Activity >>
Set down, word for word, every line of the material below from the one containing "In this short" through the one containing "So in total", but none of its pictures.

Exercise data >>
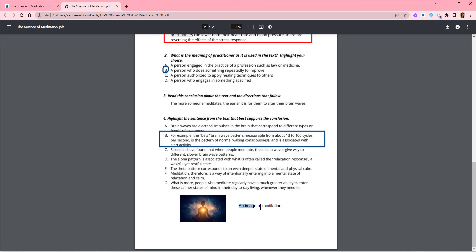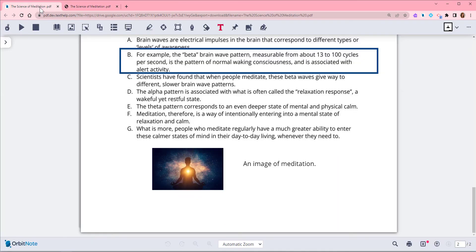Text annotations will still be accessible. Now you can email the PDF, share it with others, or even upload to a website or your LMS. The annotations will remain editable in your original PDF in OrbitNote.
* * *
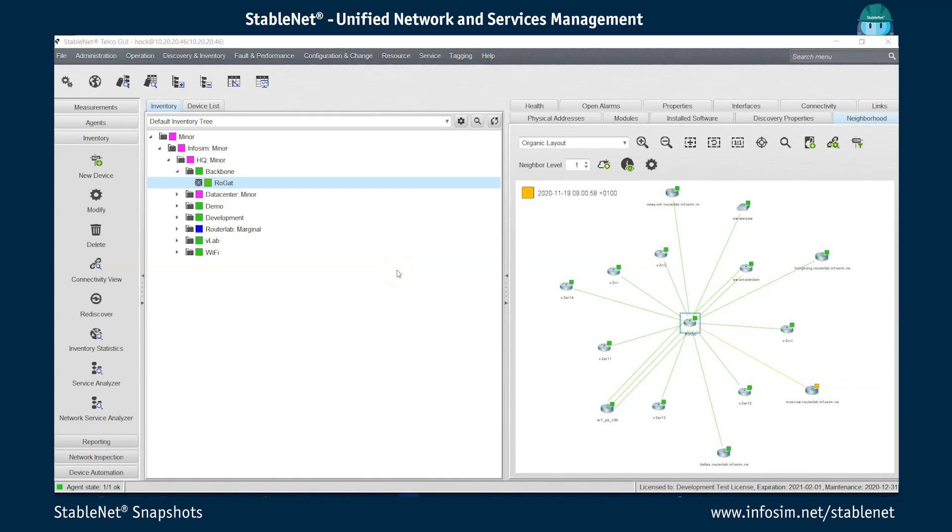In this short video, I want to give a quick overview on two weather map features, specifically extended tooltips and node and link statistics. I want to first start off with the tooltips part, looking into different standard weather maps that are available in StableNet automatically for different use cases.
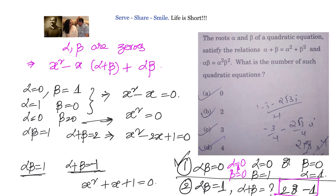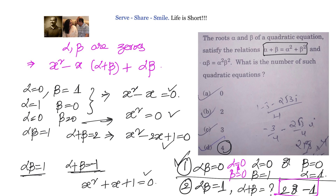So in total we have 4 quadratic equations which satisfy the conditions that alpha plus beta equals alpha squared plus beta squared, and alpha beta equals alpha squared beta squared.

Response area >>
In this short video, I want to give a quick overview on two weather map features, specifically extended tooltips and node and link statistics. I want to first start off with the tooltips part, looking into different standard weather maps that are available in StableNet automatically for different use cases.
So in total we have 4 quadratic equations which satisfy the conditions that alpha plus beta equals alpha squared plus beta squared, and alpha beta equals alpha squared beta squared.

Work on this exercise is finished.